Consiglio comunale, Giacalone scrive una lettera aperta: «Bisogna essere coerenti con se stessi»

Una lettera che ha più i tratti di uno "sfogo" dopo le pressioni che lo stesso avvocato agrigentino avrebbe ricevuto per schierarsi con questo o quell'altro partito dopo la sua dichiarazione di indipendenza. Circostanze che Giacalone non ha digerito ed ha spiegato nella sua lettera

William Giacalone

Il passaggio al Nuovo centrodestra di Gianluca Urso e la dichiarazione di indipendenza dal Pdr di William Giacalone avevano fatto subito intendere che al Consiglio comunale di Agrigento qualcosa stava accadendo. "Scosse di assestamento" le avevano definite gli addetti ai lavori.
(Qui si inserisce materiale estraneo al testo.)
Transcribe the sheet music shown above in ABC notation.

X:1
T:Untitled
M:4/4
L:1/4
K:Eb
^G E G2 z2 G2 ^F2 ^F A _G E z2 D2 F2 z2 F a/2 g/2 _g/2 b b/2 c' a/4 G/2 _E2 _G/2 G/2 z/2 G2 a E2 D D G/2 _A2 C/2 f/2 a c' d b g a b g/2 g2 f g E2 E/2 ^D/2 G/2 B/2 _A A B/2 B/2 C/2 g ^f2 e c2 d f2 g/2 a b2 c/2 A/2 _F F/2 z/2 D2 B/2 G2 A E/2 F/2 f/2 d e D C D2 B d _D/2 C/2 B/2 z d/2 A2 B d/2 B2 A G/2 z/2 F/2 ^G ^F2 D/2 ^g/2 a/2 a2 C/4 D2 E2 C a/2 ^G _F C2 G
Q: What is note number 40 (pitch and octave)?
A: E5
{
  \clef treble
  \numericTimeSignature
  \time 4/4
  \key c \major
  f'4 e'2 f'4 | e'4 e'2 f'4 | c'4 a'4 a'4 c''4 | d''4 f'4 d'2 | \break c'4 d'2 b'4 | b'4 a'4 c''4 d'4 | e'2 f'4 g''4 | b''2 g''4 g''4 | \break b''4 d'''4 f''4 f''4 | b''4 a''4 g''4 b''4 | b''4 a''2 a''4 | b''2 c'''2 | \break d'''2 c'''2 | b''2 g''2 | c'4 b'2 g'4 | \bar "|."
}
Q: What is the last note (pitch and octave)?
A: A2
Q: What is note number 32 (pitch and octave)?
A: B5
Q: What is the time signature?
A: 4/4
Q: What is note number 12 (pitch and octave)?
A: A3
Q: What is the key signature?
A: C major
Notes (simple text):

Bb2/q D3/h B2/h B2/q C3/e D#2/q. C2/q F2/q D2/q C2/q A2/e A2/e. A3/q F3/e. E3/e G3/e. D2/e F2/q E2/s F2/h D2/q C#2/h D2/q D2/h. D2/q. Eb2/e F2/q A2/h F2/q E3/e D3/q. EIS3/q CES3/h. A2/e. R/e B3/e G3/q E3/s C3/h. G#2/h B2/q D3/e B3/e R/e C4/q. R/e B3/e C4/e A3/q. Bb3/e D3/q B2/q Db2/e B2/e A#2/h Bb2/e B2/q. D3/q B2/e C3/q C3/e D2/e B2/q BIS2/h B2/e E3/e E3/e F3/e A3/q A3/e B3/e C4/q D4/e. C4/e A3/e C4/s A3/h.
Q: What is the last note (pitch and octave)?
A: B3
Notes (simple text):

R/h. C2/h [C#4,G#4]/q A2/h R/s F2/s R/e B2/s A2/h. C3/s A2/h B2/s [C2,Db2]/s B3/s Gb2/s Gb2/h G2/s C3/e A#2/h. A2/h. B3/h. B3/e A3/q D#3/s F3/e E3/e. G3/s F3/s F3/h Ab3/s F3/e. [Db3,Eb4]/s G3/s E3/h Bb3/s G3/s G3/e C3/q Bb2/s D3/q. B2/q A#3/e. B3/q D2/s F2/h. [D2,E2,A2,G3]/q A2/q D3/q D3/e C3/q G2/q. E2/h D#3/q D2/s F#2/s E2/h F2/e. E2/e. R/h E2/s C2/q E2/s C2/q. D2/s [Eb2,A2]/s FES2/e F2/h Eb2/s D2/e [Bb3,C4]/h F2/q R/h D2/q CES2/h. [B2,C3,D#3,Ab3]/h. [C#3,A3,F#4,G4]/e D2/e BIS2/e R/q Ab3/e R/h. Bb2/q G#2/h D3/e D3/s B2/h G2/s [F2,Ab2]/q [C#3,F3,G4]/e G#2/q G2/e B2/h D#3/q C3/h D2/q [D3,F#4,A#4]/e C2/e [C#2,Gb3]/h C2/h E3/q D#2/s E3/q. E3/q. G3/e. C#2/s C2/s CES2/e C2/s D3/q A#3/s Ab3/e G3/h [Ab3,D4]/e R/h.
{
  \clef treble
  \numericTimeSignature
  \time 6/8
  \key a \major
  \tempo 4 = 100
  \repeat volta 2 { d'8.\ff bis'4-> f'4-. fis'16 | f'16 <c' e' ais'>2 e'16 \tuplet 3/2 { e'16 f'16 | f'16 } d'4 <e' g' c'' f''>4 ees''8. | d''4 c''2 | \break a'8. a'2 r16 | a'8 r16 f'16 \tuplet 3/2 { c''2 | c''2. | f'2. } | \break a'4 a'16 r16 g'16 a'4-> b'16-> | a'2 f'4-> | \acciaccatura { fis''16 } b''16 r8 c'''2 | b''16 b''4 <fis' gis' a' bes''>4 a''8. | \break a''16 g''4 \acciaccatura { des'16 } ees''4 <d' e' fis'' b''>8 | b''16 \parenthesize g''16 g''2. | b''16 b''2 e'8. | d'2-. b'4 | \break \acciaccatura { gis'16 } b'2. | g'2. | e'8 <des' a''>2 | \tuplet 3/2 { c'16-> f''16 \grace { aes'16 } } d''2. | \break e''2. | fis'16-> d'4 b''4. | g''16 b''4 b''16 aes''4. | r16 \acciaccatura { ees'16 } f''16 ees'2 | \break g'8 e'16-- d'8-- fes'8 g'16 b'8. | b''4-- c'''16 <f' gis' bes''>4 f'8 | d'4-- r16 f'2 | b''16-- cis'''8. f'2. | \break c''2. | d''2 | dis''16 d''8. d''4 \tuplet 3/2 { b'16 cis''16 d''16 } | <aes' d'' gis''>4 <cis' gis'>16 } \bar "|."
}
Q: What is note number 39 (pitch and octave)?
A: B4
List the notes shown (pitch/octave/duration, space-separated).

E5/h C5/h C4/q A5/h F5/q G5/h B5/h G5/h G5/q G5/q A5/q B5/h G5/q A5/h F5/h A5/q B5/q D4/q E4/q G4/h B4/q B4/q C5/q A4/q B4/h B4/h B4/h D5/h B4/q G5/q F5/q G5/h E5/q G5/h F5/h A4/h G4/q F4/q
I più "maliziosi", invece, avevano già parlato di "compravendita" di consiglieri e di giochi di maggioranza tra i partiti. 

Ma per Giacalone, che stamattina ha diramato alla stampa una lettera aperta, bisogna «essere coerenti con se stessi nelle scelte di percorso fatte a cui si è creduto e per le quali si è lottato per tanti anni». 

Una lettera che ha più i tratti di uno "sfogo" dopo le pressioni che lo stesso avvocato agrigentino avrebbe ricevuto per schierarsi con questo o quell'altro partito dopo la sua dichiarazione di indipendenza. Circostanze che Giacalone non ha digerito ed ha spiegato nella sua lettera.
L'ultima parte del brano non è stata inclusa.